HER2-positive / hormone receptor-negative (ER−, PR−, HER2+). The cancer is driven primarily by HER2. Treatment centres on HER2-targeted drugs combined with chemotherapy. Endocrine therapy is not used.
Triple-negative (ER−, PR−, HER2−). The cancer does not express ER, PR, or HER2. Treated primarily with chemotherapy; immunotherapy is added in eligible patients. HER2-targeted drugs are not used unless the cancer is reclassified as HER2-low.
Luminal (ER+ and/or PR+, HER2−). The cancer is hormone receptor-positive and HER2-negative. Treated with endocrine therapy; chemotherapy is added based on grade, stage, and genomic testing results.

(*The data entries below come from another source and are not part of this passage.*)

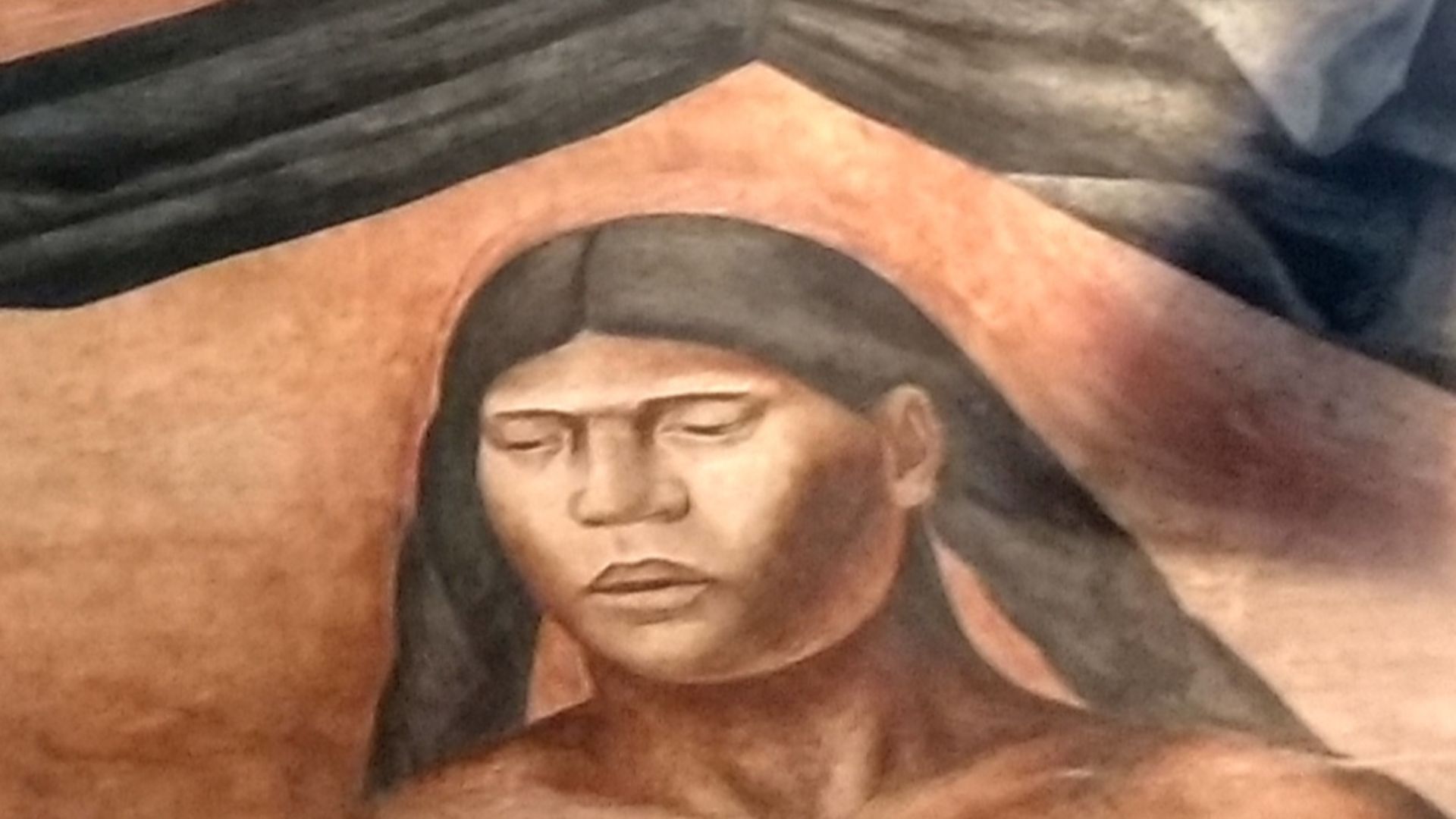 José Clemente Orozco (1883-1949)
Cortés y La Malinche,
1926
Fresco
Antiguo Colegio San Ildefonso

Sobre la raza vencida, simbolizada por una figura de tez morena a quien no se le ve el rostro, surge el mestizaje a través de la unión de los dos personajes desnudos. Cortés en actitud dominante y Malintzin con los ojos cerrados en actiud sumisa y pasiva.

Retesting HER2 in recurrent or metastatic disease

HER2 status can change between a primary tumour and a recurrence or metastasis. A cancer that was HER2-negative at diagnosis may become HER2-positive in a later biopsy, or vice versa. For this reason, guidelines recommend repeating HER2 testing — ideally from a new biopsy of a metastatic site — when the cancer spreads or returns. This ensures that treatment decisions reflect the biology of the cancer at its current stage.

What happens next

If HER2-positive: Your oncologist will discuss adding HER2-targeted therapy to your treatment plan. For early-stage disease, this typically means trastuzumab and pertuzumab given with chemotherapy before or after surgery (or both), followed by a year of trastuzumab. If residual cancer remains after surgery, the treatment may be changed to trastuzumab emtansine (T-DM1). For metastatic disease, the sequence of HER2-targeted drugs is tailored to your situation.
If HER2-low: Your oncologist will note this status. In early-stage disease, HER2-low does not currently change the treatment approach from standard HER2-negative. In metastatic disease that has progressed on other therapies, trastuzumab deruxtecan may be an option — ask your oncologist whether this is relevant to your situation.
If HER2-negative (IHC 0): Treatment will be guided by ER/PR status and other features. HER2-targeted drugs are not part of the plan at this time.
If equivocal (2+ awaiting FISH): No treatment decisions should be delayed while awaiting FISH results. Your team will communicate the final HER2 status once available.

Questions to ask your doctor

What is my HER2 IHC score, and if the result was 2+, what did the FISH test show?
Is my cancer HER2-positive, HER2-low, or HER2-negative?
If I am HER2-positive, which HER2-targeted drugs will be part of my treatment plan?
If I am HER2-low, are there any treatments that target HER2-low cancers that I should know about?
Will my HER2 status be retested if the cancer comes back or spreads?
What is my cancer’s overall molecular subtype, and what does that mean for my prognosis?
Are there clinical trials studying new HER2-targeted treatments that I might qualify for?